_RECORDS SUPPLIED_
BEGIN

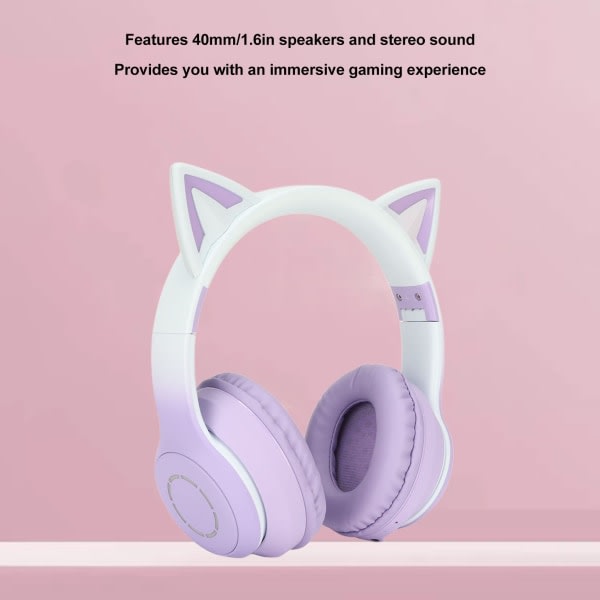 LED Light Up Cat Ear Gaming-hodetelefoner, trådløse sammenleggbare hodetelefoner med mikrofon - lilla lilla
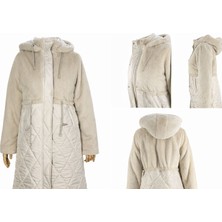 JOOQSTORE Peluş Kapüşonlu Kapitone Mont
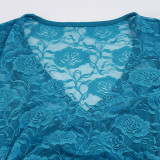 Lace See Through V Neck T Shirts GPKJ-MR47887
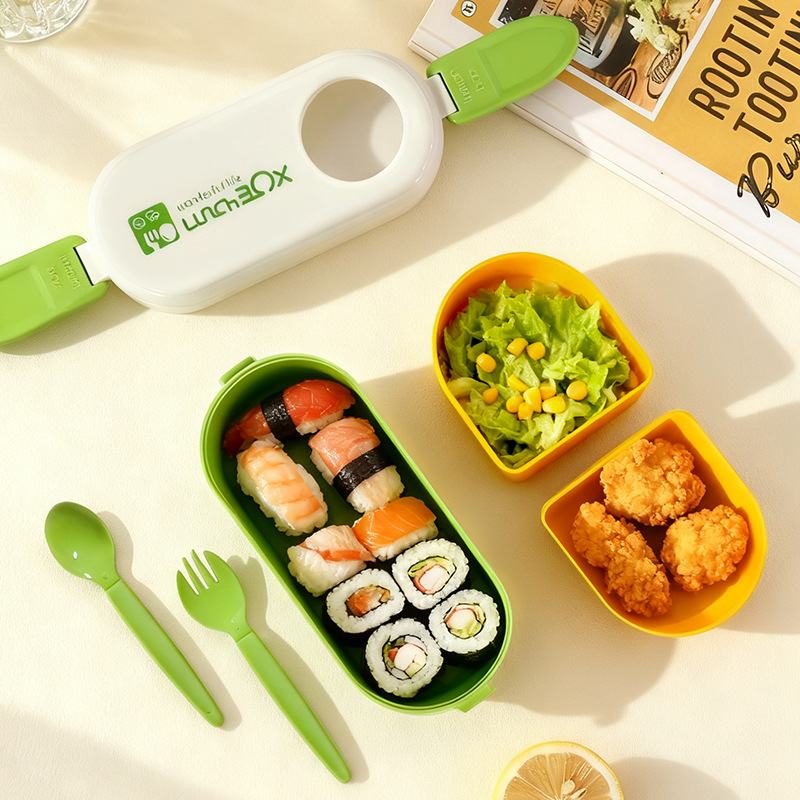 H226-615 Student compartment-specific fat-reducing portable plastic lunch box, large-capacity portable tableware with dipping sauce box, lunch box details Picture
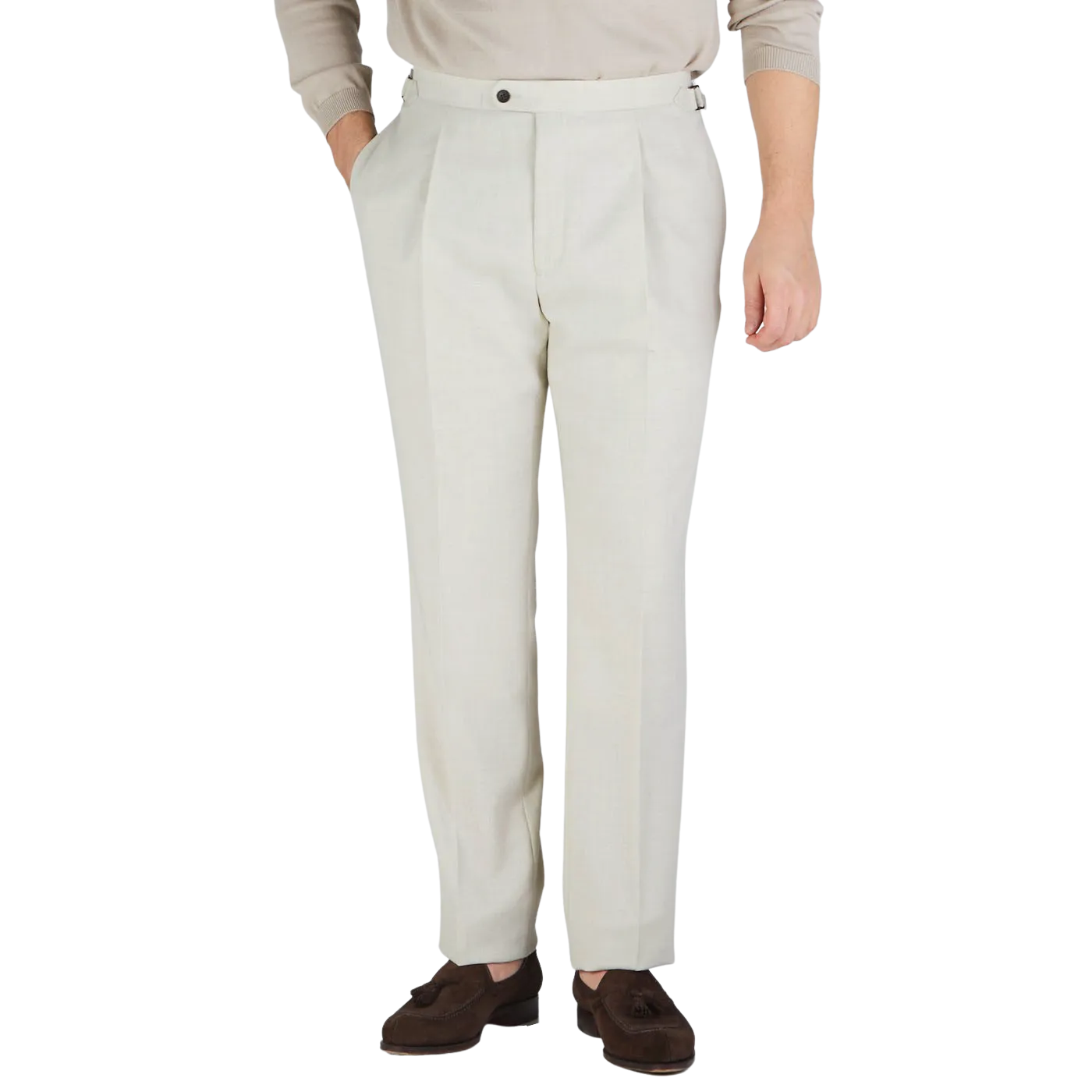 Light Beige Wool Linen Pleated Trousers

END

_REQUIRED ACTION_
Starting from the line where "Lace See Through" appears, copy every line through the end of the material, both ends included, but no pictures.

_TASK RESPONSE_
 Lace See Through V Neck T Shirts GPKJ-MR47887
 H226-615 Student compartment-specific fat-reducing portable plastic lunch box, large-capacity portable tableware with dipping sauce box, lunch box details Picture
 Light Beige Wool Linen Pleated Trousers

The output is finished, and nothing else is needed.